はやく許してくれ

生き恥に心をすり減らした凡愚のチラ裏

再確認

お久しぶりです。

思えばこのブログを開き、自身の身に起きたことを語るときはいつも、寂しさに襲われているときでした。太宰は水商売の女の隣で「侘しい」と呟きましたが、隣に誰も残存しなかった私ができる言葉は「寂しい」の一言に尽きるようです。

今の会社に入社して4年目を迎えました。企業としては幅が広く、一度も顔を合わせない「同期」という存在が何百名も存在しているらしく、横のつながりは無くとも、縦社会が身に染みた若者たちは、たかだか1、2年の入社時期の差異だけで、私を先輩として崇めてくださるようです。

というのも本日、縦社会よろしい弊社Gが合同になって1日のみ行われるプロジェクトがございまして、私は本番の応援要員に呼ばれることになりました。初めて顔を合わせる若手たちは、皆このような場は初めてらしく、名刺も普段持ち歩かぬ新人のようでして、挨拶の度に名刺を持参していないことを恥ずかし気に語られ、4人目にして私は名刺を交換するのではなく配り歩く日になると悟り、最終的に1人とだけ名刺を交換いたしました。そして滞りなく業務を遂行し帰路に着くことができました。

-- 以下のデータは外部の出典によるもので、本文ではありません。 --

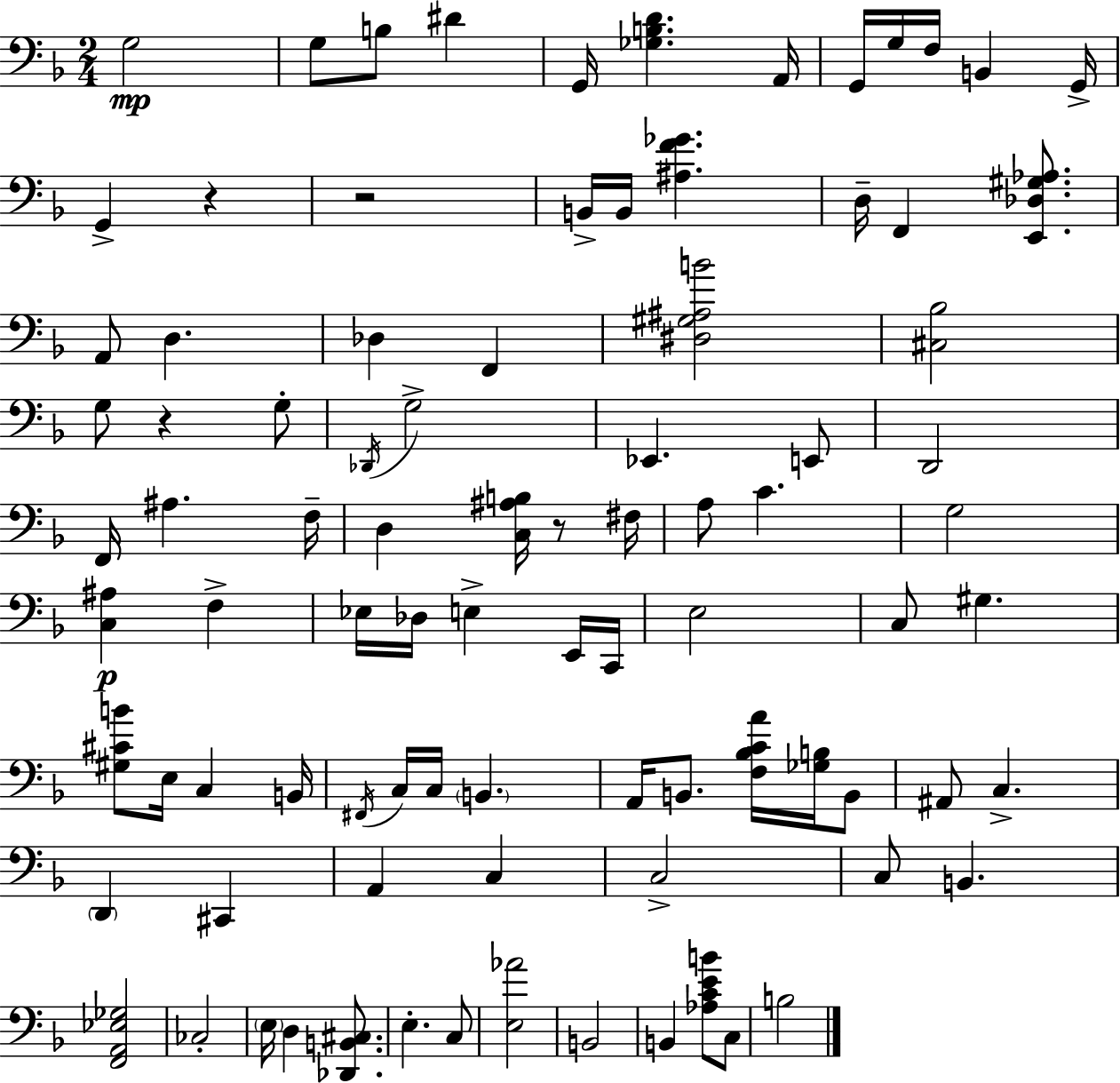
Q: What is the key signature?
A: D minor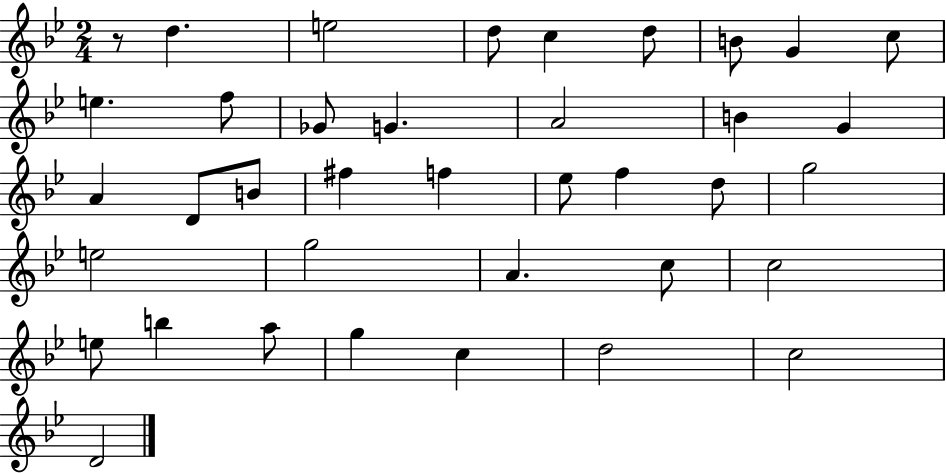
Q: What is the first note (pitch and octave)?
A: D5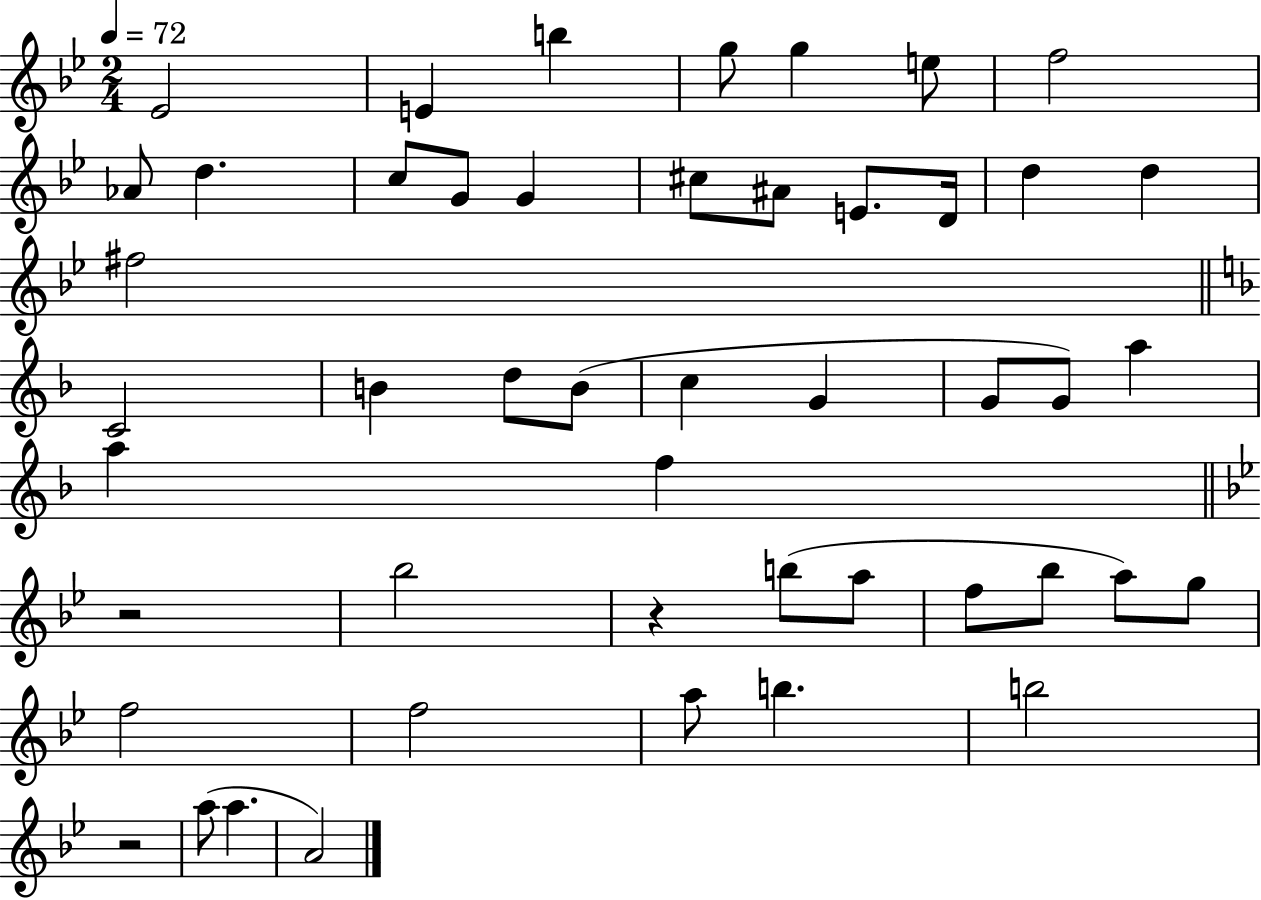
Eb4/h E4/q B5/q G5/e G5/q E5/e F5/h Ab4/e D5/q. C5/e G4/e G4/q C#5/e A#4/e E4/e. D4/s D5/q D5/q F#5/h C4/h B4/q D5/e B4/e C5/q G4/q G4/e G4/e A5/q A5/q F5/q R/h Bb5/h R/q B5/e A5/e F5/e Bb5/e A5/e G5/e F5/h F5/h A5/e B5/q. B5/h R/h A5/e A5/q. A4/h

グループ内の別企業でも縦社会はキッチリと管理されているらしく、参加者の中では入社年次が厭に高い私は、敬われることとなりました。さながら裸の王様の如きです。

普段は書類仕事に追われている人間達ですから、このような現場での実務というものに随分と不慣れなようでして、名刺のことなど頭の片隅にも無い程に皆不安を一様に浮かべておりました。そういえば結局寝坊をし来れなかった者が居りましたが、おそらく目覚めは最悪だったことでしょう。土曜の早朝に業務が始まったこともあり、さぞ週明けの月曜日は憂鬱だと思いますが、私には露知らずのことです。

さて仕事ですが、渡された業務のマニュアルを読むに、やはり差し当たって難しいことは書かれておりません。これだけの規模で、説明も前日に、大きな会議室で1時間ほど概要を一方的に伝えられた情報と、マニュアル以外は持ち合わせておりません。つまるところ、身分が割れており最低限のマナーやモラルを取りそろえた人間であれば、誰でも良かったのです。結局大企業が声を大にして叫ぶ「ソリューション」というものは1人の天才の発明を1000人の凡愚が大々的に人海戦術を用いて遂行するものなのです。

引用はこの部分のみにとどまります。